Paper targets tend to be some of the cheaper targets on the market. Not to mention, the quality and quantity of paper targets you can purchase vary extensively. There are paper targets that let you know when you hit the target, such as splatter targets. There are paper targets for zeroing, such as the grid overlay targets. There are paper targets used for games and targets simply used to help improve your precision. They even make weatherproof targets—so you can practice for the zombie apocalypse during the next hurricane. We don’t advice this.

Don’t have the finances to buy new targets? Read our blog, Free Printable Shooting Targets

Simply buying paper targets vs. a steel target can save you a lot of money short-term. If you need something for right then, paper targets are great. You don’t have to worry about your round ricocheting off the steel target—though knowing what’s behind your backdrop is still a huge deal. Paper targets can also be a great option for your cheap day at the range because it’s easier to purchase paper targets in bulk.

Bulk paper targets

If you’re looking for a cheap target option, buying your favorites in bulk can help alleviate some of the cost. Here’s a list of some well-known targets, which you can buy in bulk.

Big Dawg Targets

Big Dawg Targets are great for shooters who enjoy using the same target—although we recommend changing it up a bit—and with 250 3” adhesive targets, you won’t run out anytime soon—at least not within the hour. This target is also a splatter target, meaning you can see where your rounds land without having to walk all the way downrange.

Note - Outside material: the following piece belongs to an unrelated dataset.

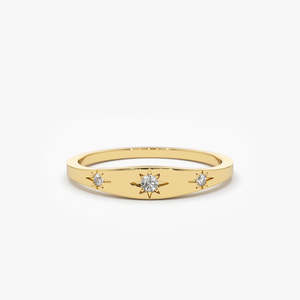 Anillo Apilable Starlit con Tres Diamantes, 0.06 Ctw, Color G, Claridad SI, Oro Sólido de 14K, Engaste de Estrella, Pieza para Uso Diario, Ideal para Regalo - Product Image 2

Champion Redfield Style Precision Sight-In Target

The Champion Redfield Style Precision Sight-In Target claims to be made of the highest quality material. It’s also a pretty recognizable target. It’s great for conforming sight-in groups and the small diamond targets can be used to test the results of various ballistic loads. It also comes in a pack of 100, which saves you a little money over buying one target at a time.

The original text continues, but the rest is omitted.